Could the data underneath be repeated exactly, in full?

Caption-style text data
* * * * * * *

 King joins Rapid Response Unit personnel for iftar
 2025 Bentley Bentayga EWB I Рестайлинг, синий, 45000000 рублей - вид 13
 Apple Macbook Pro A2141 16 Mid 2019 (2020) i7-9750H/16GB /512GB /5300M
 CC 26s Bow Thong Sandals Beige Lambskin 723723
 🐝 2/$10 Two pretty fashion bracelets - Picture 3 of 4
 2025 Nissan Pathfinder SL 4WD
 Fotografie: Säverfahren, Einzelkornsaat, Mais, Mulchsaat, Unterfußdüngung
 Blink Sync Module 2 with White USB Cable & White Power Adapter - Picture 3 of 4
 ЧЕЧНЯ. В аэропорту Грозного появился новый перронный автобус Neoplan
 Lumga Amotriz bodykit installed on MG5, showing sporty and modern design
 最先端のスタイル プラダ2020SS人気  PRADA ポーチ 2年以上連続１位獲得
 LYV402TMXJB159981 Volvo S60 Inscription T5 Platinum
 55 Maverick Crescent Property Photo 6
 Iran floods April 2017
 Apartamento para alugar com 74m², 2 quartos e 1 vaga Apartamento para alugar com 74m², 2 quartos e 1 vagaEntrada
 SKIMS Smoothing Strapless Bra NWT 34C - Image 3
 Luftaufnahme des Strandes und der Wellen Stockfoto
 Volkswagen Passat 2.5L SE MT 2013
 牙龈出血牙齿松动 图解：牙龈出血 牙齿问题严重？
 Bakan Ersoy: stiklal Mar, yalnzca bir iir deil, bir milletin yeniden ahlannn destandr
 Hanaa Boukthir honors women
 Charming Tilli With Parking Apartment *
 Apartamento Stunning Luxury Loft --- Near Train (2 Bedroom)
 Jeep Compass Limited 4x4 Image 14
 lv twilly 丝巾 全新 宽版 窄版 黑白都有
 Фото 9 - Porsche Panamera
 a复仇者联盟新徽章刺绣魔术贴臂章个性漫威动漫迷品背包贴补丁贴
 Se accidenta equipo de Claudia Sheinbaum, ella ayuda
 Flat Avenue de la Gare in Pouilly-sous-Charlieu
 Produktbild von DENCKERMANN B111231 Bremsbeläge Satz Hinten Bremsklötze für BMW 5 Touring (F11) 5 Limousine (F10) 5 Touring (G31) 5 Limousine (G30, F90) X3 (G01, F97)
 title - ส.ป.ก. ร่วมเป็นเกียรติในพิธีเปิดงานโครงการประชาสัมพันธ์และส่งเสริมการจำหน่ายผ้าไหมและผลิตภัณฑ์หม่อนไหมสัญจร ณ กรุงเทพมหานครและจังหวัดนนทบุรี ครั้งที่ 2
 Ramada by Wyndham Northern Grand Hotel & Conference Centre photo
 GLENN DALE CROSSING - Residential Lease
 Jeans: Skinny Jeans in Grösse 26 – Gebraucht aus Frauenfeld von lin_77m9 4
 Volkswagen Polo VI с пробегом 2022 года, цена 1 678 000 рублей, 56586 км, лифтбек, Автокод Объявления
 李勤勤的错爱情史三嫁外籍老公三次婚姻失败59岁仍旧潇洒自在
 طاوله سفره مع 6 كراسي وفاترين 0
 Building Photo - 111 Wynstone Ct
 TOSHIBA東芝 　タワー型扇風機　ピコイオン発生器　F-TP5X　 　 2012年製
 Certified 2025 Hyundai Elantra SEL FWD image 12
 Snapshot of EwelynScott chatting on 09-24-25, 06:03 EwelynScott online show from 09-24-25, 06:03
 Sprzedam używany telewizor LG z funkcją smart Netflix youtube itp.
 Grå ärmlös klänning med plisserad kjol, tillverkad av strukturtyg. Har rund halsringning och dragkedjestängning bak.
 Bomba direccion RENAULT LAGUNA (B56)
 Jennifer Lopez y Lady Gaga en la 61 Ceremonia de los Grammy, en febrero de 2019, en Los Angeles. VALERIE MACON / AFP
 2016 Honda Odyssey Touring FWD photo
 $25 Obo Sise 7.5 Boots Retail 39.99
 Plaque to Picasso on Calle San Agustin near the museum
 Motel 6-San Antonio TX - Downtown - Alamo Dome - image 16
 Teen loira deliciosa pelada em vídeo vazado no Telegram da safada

* * * * * * *

**Response box**
 King joins Rapid Response Unit personnel for iftar
 2025 Bentley Bentayga EWB I Рестайлинг, синий, 45000000 рублей - вид 13
 Apple Macbook Pro A2141 16 Mid 2019 (2020) i7-9750H/16GB /512GB /5300M
 CC 26s Bow Thong Sandals Beige Lambskin 723723
 🐝 2/$10 Two pretty fashion bracelets - Picture 3 of 4
 2025 Nissan Pathfinder SL 4WD
 Fotografie: Säverfahren, Einzelkornsaat, Mais, Mulchsaat, Unterfußdüngung
 Blink Sync Module 2 with White USB Cable & White Power Adapter - Picture 3 of 4
 ЧЕЧНЯ. В аэропорту Грозного появился новый перронный автобус Neoplan
 Lumga Amotriz bodykit installed on MG5, showing sporty and modern design
 最先端のスタイル プラダ2020SS人気  PRADA ポーチ 2年以上連続１位獲得
 LYV402TMXJB159981 Volvo S60 Inscription T5 Platinum
 55 Maverick Crescent Property Photo 6
 Iran floods April 2017
 Apartamento para alugar com 74m², 2 quartos e 1 vaga Apartamento para alugar com 74m², 2 quartos e 1 vagaEntrada
 SKIMS Smoothing Strapless Bra NWT 34C - Image 3
 Luftaufnahme des Strandes und der Wellen Stockfoto
 Volkswagen Passat 2.5L SE MT 2013
 牙龈出血牙齿松动 图解：牙龈出血 牙齿问题严重？
 Bakan Ersoy: stiklal Mar, yalnzca bir iir deil, bir milletin yeniden ahlannn destandr
 Hanaa Boukthir honors women
 Charming Tilli With Parking Apartment *
 Apartamento Stunning Luxury Loft --- Near Train (2 Bedroom)
 Jeep Compass Limited 4x4 Image 14
 lv twilly 丝巾 全新 宽版 窄版 黑白都有
 Фото 9 - Porsche Panamera
 a复仇者联盟新徽章刺绣魔术贴臂章个性漫威动漫迷品背包贴补丁贴
 Se accidenta equipo de Claudia Sheinbaum, ella ayuda
 Flat Avenue de la Gare in Pouilly-sous-Charlieu
 Produktbild von DENCKERMANN B111231 Bremsbeläge Satz Hinten Bremsklötze für BMW 5 Touring (F11) 5 Limousine (F10) 5 Touring (G31) 5 Limousine (G30, F90) X3 (G01, F97)
 title - ส.ป.ก. ร่วมเป็นเกียรติในพิธีเปิดงานโครงการประชาสัมพันธ์และส่งเสริมการจำหน่ายผ้าไหมและผลิตภัณฑ์หม่อนไหมสัญจร ณ กรุงเทพมหานครและจังหวัดนนทบุรี ครั้งที่ 2
 Ramada by Wyndham Northern Grand Hotel & Conference Centre photo
 GLENN DALE CROSSING - Residential Lease
 Jeans: Skinny Jeans in Grösse 26 – Gebraucht aus Frauenfeld von lin_77m9 4
 Volkswagen Polo VI с пробегом 2022 года, цена 1 678 000 рублей, 56586 км, лифтбек, Автокод Объявления
 李勤勤的错爱情史三嫁外籍老公三次婚姻失败59岁仍旧潇洒自在
 طاوله سفره مع 6 كراسي وفاترين 0
 Building Photo - 111 Wynstone Ct
 TOSHIBA東芝 　タワー型扇風機　ピコイオン発生器　F-TP5X　 　 2012年製
 Certified 2025 Hyundai Elantra SEL FWD image 12
 Snapshot of EwelynScott chatting on 09-24-25, 06:03 EwelynScott online show from 09-24-25, 06:03
 Sprzedam używany telewizor LG z funkcją smart Netflix youtube itp.
 Grå ärmlös klänning med plisserad kjol, tillverkad av strukturtyg. Har rund halsringning och dragkedjestängning bak.
 Bomba direccion RENAULT LAGUNA (B56)
 Jennifer Lopez y Lady Gaga en la 61 Ceremonia de los Grammy, en febrero de 2019, en Los Angeles. VALERIE MACON / AFP
 2016 Honda Odyssey Touring FWD photo
 $25 Obo Sise 7.5 Boots Retail 39.99
 Plaque to Picasso on Calle San Agustin near the museum
 Motel 6-San Antonio TX - Downtown - Alamo Dome - image 16
 Teen loira deliciosa pelada em vídeo vazado no Telegram da safada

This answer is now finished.